Tutta la nostra solidarietà è rivolta ai lavoratori scesi oggi in piazza. Sinistr[AP]erta e SEL – Ascoli per Rita Forlini sono con loro. Ma oggi non perdiamo solo posti di lavoro. Oggi perdiamo un patrimonio collettivo di inestimabile valore: in questa città nessuno berrà più latte ascolano. Non è solo un dettaglio: è il tradimento di una storia, è la resa di un'idea più alta e nobile della politica intesa come progetto comunitario, come strumento al servizio dell'economia locale.
Questa sconfitta sì, è di tutti, ma ha responsabilità politiche ben precise. La crisi economica, che ad Ascoli più che altrove ha causato disastri, è nata e cresciuta sotto le insegne di una destra incapace di trovare soluzioni, una destra immobile di fronte alla catastrofe determinata dalle sue stesse politiche liberiste e culturalmente incapaci di immaginare una riconversione “glocal”, fondata sulle vocazioni economiche territoriali, dello sviluppo. Non parli ora di multinazionali cattive chi per quindici anni non ha fatto altro che deridere proprio coloro che avvertivano dei rischi della globalizzazione. Non siamo mai stati ascoltati perché la destra diceva che “la crisi non esisteva” e che il liberismo era il migliore dei sistemi possibili, quindi non bisognava prendere nessuna precauzione.
Per giustificare le proprie mancanze si dirà ora che «il territorio non è attrattivo» per colpa dei sindacati e dei diritti sul lavoro. La verità è molto più semplice: questo territorio non è attrattivo perché nessuno ha fatto nulla per salvaguardarne il suo tessuto economico originario, la trama di piccole imprese, piccole aziende e gioielli locali che una politica in grado di decifrare la fase storica avrebbe dovuto mettere in relazione e interazione, facendo sistema e rete locale, come avevamo iniziato a fare dal 2004 al 2009 durante il governo della Sinistra in Consiglio provinciale.
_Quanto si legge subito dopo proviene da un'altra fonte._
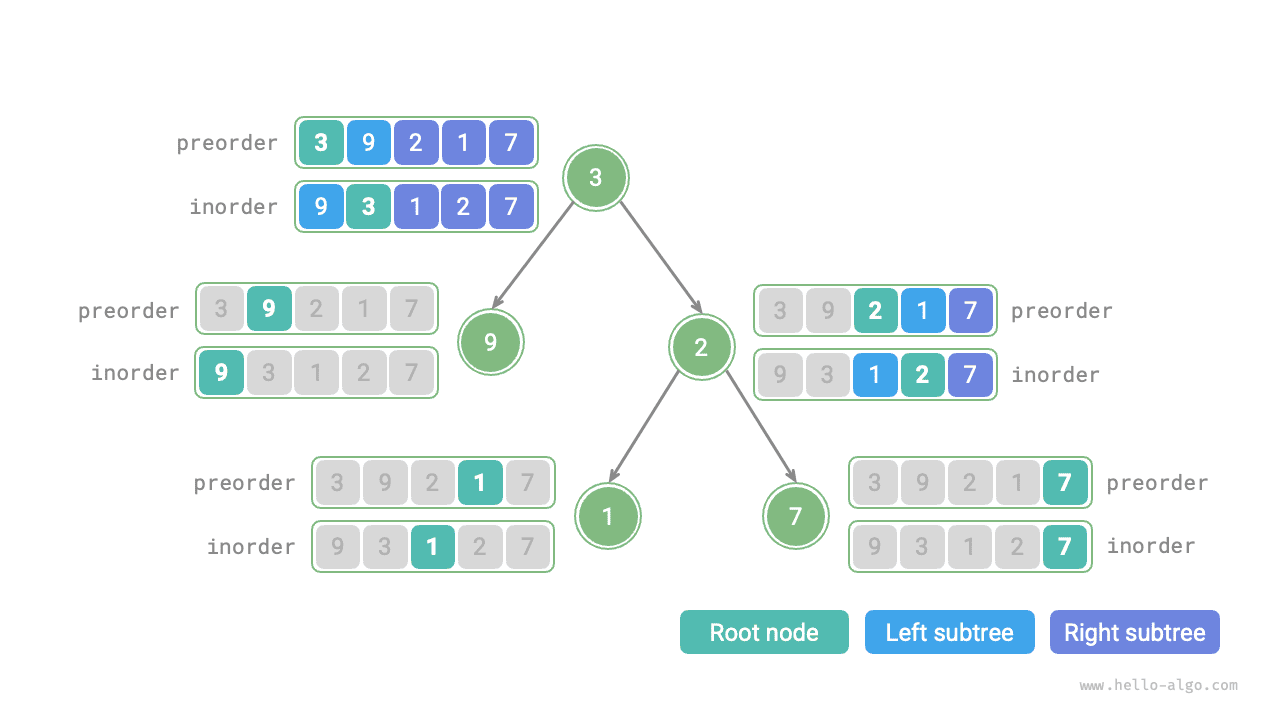 Результаты разбиения в каждом рекурсивном вызове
Ma quando a mancare è un disegno di prospettiva è ovvio che tutto decada e affondi.
Dopo le contestazioni subite in consiglio provinciale per il modo dilettantesco con cui si è gestita la faccenda della sesta vasca di Relluce, la destra ascolana si trova davanti al secondo disastro in pochi giorni. È un disastro che corona cinque anni di lenta ma inesorabile decadenza.
Perché lottare per la salvezza dell'Ascoli Calcio è importante, certo. Peccato non avere avuto la stessa passione qualche anno fa, quando a fallire erano le fabbriche. Se il medesimo interesse fosse stato messo al servizio delle tante vertenze che si sono susseguite dal 2008 ad oggi, forse vivremmo in una città migliore, una città che non costringe i propri figli all'esodo, a quel fenomeno ottocentesco che è tornato ad essere l'emigrazione di un'intera generazione per assenza di prospettive!
La politica non è solo gestione dell'esistente, la politica non è solo mettere a posto un marciapiede o un'aiuola, mentre attorno la città si spopola, mentre attorno la città muore. La politica è avere un disegno, la politica è costruire prospettive e speranze di vita, la politica è riconoscere le priorità vitali per un territorio ferito.
L'intera classe dirigente che governa Ascoli da quindici anni è sotto accusa. Guardate i frutti malati delle vostre tre amministrazioni: una generazione intera costretta a fuggire, un'economia al tracollo, una zona industriale rasa al suolo dalla crisi come dopo una guerra.
I manifesti con cui tappezzate le strade di Ascoli, ringraziandovi da soli (per cosa?), sono per caso uno scherzo di carnevale giocato in anticipo? Oggi si chiude l'ennesimo capitolo nero di un'amministrazione incapace di difendere la città, di difendere i diritti dei lavoratori e delle imprese locali, di salvaguardare il passato e costruire un'idea di futuro, un'intera classe politica che ha fallito su tutti i fronti!
Oggi lo diciamo ad alta voce: avete fallito, abbiate la dignità di chiedere scusa a una città in ginocchio.